### Your instructions:
Every line that contains the word "Pool" should be copied from the records below.
======
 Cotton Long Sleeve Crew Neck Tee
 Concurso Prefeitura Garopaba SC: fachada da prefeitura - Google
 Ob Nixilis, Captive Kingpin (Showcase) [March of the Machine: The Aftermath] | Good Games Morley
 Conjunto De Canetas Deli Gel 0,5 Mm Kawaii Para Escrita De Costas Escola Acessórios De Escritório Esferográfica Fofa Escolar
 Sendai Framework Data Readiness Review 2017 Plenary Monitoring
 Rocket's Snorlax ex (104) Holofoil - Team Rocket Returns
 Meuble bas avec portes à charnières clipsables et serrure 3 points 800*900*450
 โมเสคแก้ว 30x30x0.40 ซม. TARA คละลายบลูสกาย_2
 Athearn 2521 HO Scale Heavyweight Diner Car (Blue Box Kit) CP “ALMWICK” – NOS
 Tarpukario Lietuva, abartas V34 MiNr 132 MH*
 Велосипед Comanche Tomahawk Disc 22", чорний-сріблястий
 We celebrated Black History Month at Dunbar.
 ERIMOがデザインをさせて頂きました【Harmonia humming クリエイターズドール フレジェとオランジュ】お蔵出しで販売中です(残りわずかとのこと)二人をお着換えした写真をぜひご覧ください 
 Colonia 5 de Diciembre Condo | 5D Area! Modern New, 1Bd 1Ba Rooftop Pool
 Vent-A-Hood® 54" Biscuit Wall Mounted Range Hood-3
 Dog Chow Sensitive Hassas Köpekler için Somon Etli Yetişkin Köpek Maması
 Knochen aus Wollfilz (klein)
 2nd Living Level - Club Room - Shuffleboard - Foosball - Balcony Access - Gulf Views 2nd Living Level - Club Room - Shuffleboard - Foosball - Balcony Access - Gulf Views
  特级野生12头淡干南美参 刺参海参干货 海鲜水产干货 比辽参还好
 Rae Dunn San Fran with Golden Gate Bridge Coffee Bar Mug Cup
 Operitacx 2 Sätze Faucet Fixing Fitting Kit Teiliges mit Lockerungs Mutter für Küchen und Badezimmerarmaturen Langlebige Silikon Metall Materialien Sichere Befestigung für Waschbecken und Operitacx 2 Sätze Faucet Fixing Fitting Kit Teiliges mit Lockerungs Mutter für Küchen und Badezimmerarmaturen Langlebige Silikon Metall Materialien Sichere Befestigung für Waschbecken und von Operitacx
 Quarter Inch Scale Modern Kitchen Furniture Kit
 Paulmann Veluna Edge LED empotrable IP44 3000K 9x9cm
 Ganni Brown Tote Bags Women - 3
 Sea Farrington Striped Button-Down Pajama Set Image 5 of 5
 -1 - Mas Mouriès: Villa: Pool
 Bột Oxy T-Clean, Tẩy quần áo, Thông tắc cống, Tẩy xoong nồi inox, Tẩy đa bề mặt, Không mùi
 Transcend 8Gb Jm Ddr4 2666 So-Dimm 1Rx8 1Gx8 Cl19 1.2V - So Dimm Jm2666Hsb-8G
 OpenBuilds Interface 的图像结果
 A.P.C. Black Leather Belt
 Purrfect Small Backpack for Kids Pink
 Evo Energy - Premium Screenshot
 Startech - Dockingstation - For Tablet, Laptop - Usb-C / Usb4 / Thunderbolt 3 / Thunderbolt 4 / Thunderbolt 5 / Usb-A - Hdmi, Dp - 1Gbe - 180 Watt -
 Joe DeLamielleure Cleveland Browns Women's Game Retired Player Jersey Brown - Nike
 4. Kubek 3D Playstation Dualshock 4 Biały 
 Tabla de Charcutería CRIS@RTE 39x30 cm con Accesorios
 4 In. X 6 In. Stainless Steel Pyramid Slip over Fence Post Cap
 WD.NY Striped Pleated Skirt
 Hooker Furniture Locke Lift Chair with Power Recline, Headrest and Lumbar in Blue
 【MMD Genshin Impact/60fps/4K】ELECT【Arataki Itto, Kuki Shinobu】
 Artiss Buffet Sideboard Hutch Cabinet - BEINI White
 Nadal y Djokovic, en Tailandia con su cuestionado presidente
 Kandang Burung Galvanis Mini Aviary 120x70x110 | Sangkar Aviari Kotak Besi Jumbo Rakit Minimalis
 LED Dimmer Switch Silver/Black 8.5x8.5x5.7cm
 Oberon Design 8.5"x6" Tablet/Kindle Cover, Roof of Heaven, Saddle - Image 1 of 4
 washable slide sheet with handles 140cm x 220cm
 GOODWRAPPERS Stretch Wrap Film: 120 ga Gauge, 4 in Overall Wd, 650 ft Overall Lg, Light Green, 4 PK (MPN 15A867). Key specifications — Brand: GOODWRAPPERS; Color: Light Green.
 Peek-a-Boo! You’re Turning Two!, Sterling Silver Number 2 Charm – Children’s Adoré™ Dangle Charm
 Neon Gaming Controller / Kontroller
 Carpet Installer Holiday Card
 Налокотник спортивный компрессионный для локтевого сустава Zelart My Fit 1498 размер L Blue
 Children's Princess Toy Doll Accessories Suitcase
======
### Answer area:
 Colonia 5 de Diciembre Condo | 5D Area! Modern New, 1Bd 1Ba Rooftop Pool
 -1 - Mas Mouriès: Villa: Pool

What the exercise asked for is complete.